3

What's more recommended or advisable way to convert array of uint8_t at offset i to uint64_t and why?

uint8_t * bytes = ...
uint64_t const v = ((uint64_t *)(bytes + i))[0];

or

uint64_t const v = ((uint64_t)(bytes[i+7]) << 56)
                 | ((uint64_t)(bytes[i+6]) << 48)
                 | ((uint64_t)(bytes[i+5]) << 40)
                 | ((uint64_t)(bytes[i+4]) << 32)
                 | ((uint64_t)(bytes[i+3]) << 24)
                 | ((uint64_t)(bytes[i+2]) << 16)
                 | ((uint64_t)(bytes[i+1]) << 8)
                 | ((uint64_t)(bytes[i]));
Lundin
  • 195,001
  • 40
  • 254
  • 396
err69
  • 317
  • 1
  • 7
  • 1
    With `((uint64_t*)(bytes + i))[0]` the byte-order depends on the endianness of the underlying system. With the other way you can explicitly select the wanted byte-order. – Some programmer dude Sep 23 '22 at 10:23
  • @Someprogrammerdude I forgot to include but `bytes` and system is little-endian, besides that is there any other differences? – err69 Sep 23 '22 at 10:35
  • 4
    In addition some architectures may have strict requirements about alignment of `uint64_t` pointers so reinterpreting a `uint8_t` pointer may raise an exception (some ARM architectures for example) – Jack Sep 23 '22 at 10:56
  • Convert your `whatever *` to `intptr_t` (optional type since C99) _first_ and then to `uint64_t`. – Neil Sep 23 '22 at 16:22

3 Answers3

3

There are two primary differences.

One, the behavior of ((uint64_t *)(bytes + i))[0] is not defined by the C standard (unless certain prerequisites about what bytes point to are met). Generally, an array of bytes should not be accessed using a uint64_t type.

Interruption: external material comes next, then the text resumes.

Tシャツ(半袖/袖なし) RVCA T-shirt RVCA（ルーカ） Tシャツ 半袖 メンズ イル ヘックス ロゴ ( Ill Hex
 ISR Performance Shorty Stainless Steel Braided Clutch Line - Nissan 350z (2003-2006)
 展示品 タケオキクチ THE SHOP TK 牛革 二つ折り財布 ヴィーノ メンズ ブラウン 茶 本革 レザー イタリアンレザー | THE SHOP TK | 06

When memory defined as one type is accessed with another type, it is called aliasing, and the C standard only defines certain combinations of aliasing. Some compilers may support some aliasing beyond what the standard requires, but using it is not portable. Additionally, if bytes + i is not suitably aligned for a uint64_t, the access may cause an exception or otherwise malfunction.

Two, loading the bytes through aliasing, if it is defined (by the standard or by compiler extension), interprets the bytes using the memory ordering for the C implementation. Some C implementations store the bytes representing integers in memory from low address to high address for low-position-value bytes to high-position-value bytes, and some store them from high address to low address. (And they can be stored in non-consecutive orders too, although this is rare.) So loading the bytes this way will produce different values from the same bytes in memory based on what order the C implementation uses.

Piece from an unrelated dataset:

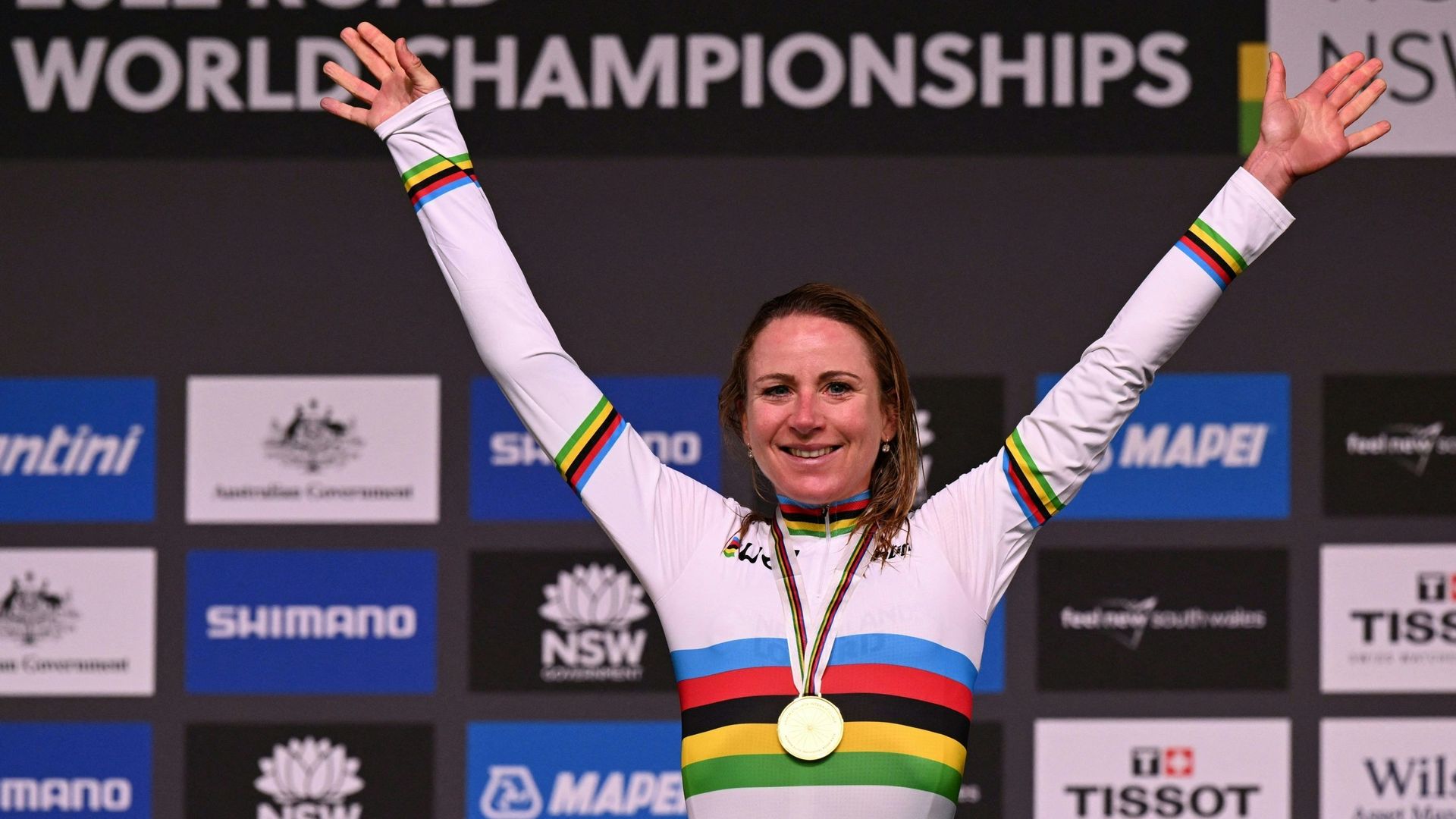 À 40 ans, la double championne du monde, Annemiek van Vleuten, vit la dernière saison d’une carrière XXL.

But loading the bytes and using shifts to combine them will always produce the same value from the same bytes in memory regardless of what order the C implementation uses.

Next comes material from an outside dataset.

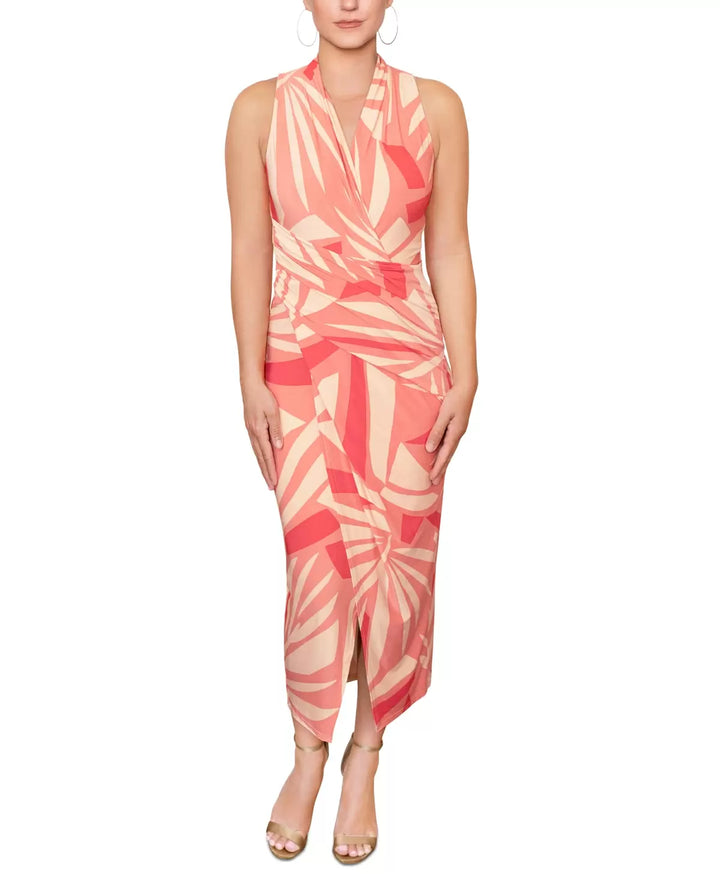 RACHEL Rachel Roy Sleeveless Midi Dress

The first method should be avoided, because there is no need for it. If one desires to interpret the bytes using the C implementation’s ordering, this can be done with:

uint64_t t;
memcpy(&t, bytes+i, sizeof t);
const uint64_t v = t;

Using memcpy provides a portable way of aliasing the uint64_t to store bytes into it. Good compilers recognize this idiom and will optimize the memcpy to a load from memory, if suitable for the target architecture (and if optimization is enabled).

If one desires to interpret the bytes using little-endian ordering, as shown in the code in the question, then the second method may be used. (Sometimes platforms will have routines that may provide more efficient code for this.)

Eric Postpischil
  • 195,579
  • 13
  • 168
  • 312
1

You can also use memcpy

uint64_t n;
memcpy(&n, bytes + i, sizeof(uint64_t));
const uint64_t v = n;
Martin Perry
  • 9,232
  • 8
  • 46
  • 114
  • 2
    The difference between memcpy and shifts is that in case of memcpy, the byte order of the byte array must correspond directly to the CPU endianess. In case of shifts you only need to care about what order the byte array should correspond to. So if the byte array is for example an input buffer from some serial bus, you only need to care about the network endianess when writing the shifts. In case of memcpy you need to know both the CPU and network endianess and they must also match. – Lundin Sep 23 '22 at 11:41
1

The first option has two big problems that qualify as undefined behavior (anything can happen):

  • A uint8_t* or array of uint8_t is not necessarily aligned the same way as required by a larger type like uint64_t. Simply casting to uint64_t* leads to misaligned access. This can cause hardware exceptions, program crashes, slower code etc, all depending on the alignment requirements of the specific target.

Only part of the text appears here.